Exercise
What are the lines from the one containing "AGT H15R Mini excavators < 7t (Mini diggers)" through the end of the listing below? Return them exactly, and only them.

Material for this task
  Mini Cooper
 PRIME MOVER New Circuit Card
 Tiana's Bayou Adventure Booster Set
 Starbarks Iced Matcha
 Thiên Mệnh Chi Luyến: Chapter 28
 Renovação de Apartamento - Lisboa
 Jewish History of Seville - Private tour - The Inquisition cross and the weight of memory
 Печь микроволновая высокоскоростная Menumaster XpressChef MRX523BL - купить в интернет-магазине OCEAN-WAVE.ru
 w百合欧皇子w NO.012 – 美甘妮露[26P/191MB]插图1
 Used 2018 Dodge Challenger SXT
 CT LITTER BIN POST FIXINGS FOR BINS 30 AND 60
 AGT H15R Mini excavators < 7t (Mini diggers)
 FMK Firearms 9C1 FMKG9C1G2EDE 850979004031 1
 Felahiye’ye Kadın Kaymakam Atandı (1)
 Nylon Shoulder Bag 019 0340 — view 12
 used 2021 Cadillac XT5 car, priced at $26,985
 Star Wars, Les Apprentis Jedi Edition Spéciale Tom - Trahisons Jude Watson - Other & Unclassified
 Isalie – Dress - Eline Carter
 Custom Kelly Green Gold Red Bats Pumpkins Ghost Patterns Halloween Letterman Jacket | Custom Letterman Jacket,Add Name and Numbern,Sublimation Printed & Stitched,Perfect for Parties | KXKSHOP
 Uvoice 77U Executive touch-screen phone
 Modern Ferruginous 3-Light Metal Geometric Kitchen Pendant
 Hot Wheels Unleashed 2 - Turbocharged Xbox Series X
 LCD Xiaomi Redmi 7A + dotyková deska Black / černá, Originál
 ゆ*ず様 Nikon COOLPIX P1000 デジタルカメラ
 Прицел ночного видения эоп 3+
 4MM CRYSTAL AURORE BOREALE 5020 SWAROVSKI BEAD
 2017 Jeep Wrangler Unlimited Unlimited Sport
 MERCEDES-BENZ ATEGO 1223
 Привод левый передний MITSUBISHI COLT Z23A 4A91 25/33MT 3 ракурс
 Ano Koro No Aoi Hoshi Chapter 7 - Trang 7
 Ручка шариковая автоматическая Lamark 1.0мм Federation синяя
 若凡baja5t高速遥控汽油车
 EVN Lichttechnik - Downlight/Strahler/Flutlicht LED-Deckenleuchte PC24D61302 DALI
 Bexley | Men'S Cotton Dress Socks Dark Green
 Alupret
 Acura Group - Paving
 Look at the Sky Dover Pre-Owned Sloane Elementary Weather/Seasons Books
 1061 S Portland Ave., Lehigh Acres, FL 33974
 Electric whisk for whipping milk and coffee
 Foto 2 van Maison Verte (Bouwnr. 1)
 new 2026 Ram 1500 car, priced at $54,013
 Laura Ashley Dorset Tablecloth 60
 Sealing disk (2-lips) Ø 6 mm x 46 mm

Answer box
 AGT H15R Mini excavators < 7t (Mini diggers)
 FMK Firearms 9C1 FMKG9C1G2EDE 850979004031 1
 Felahiye’ye Kadın Kaymakam Atandı (1)
 Nylon Shoulder Bag 019 0340 — view 12
 used 2021 Cadillac XT5 car, priced at $26,985
 Star Wars, Les Apprentis Jedi Edition Spéciale Tom - Trahisons Jude Watson - Other & Unclassified
 Isalie – Dress - Eline Carter
 Custom Kelly Green Gold Red Bats Pumpkins Ghost Patterns Halloween Letterman Jacket | Custom Letterman Jacket,Add Name and Numbern,Sublimation Printed & Stitched,Perfect for Parties | KXKSHOP
 Uvoice 77U Executive touch-screen phone
 Modern Ferruginous 3-Light Metal Geometric Kitchen Pendant
 Hot Wheels Unleashed 2 - Turbocharged Xbox Series X
 LCD Xiaomi Redmi 7A + dotyková deska Black / černá, Originál
 ゆ*ず様 Nikon COOLPIX P1000 デジタルカメラ
 Прицел ночного видения эоп 3+
 4MM CRYSTAL AURORE BOREALE 5020 SWAROVSKI BEAD
 2017 Jeep Wrangler Unlimited Unlimited Sport
 MERCEDES-BENZ ATEGO 1223
 Привод левый передний MITSUBISHI COLT Z23A 4A91 25/33MT 3 ракурс
 Ano Koro No Aoi Hoshi Chapter 7 - Trang 7
 Ручка шариковая автоматическая Lamark 1.0мм Federation синяя
 若凡baja5t高速遥控汽油车
 EVN Lichttechnik - Downlight/Strahler/Flutlicht LED-Deckenleuchte PC24D61302 DALI
 Bexley | Men'S Cotton Dress Socks Dark Green
 Alupret
 Acura Group - Paving
 Look at the Sky Dover Pre-Owned Sloane Elementary Weather/Seasons Books
 1061 S Portland Ave., Lehigh Acres, FL 33974
 Electric whisk for whipping milk and coffee
 Foto 2 van Maison Verte (Bouwnr. 1)
 new 2026 Ram 1500 car, priced at $54,013
 Laura Ashley Dorset Tablecloth 60
 Sealing disk (2-lips) Ø 6 mm x 46 mm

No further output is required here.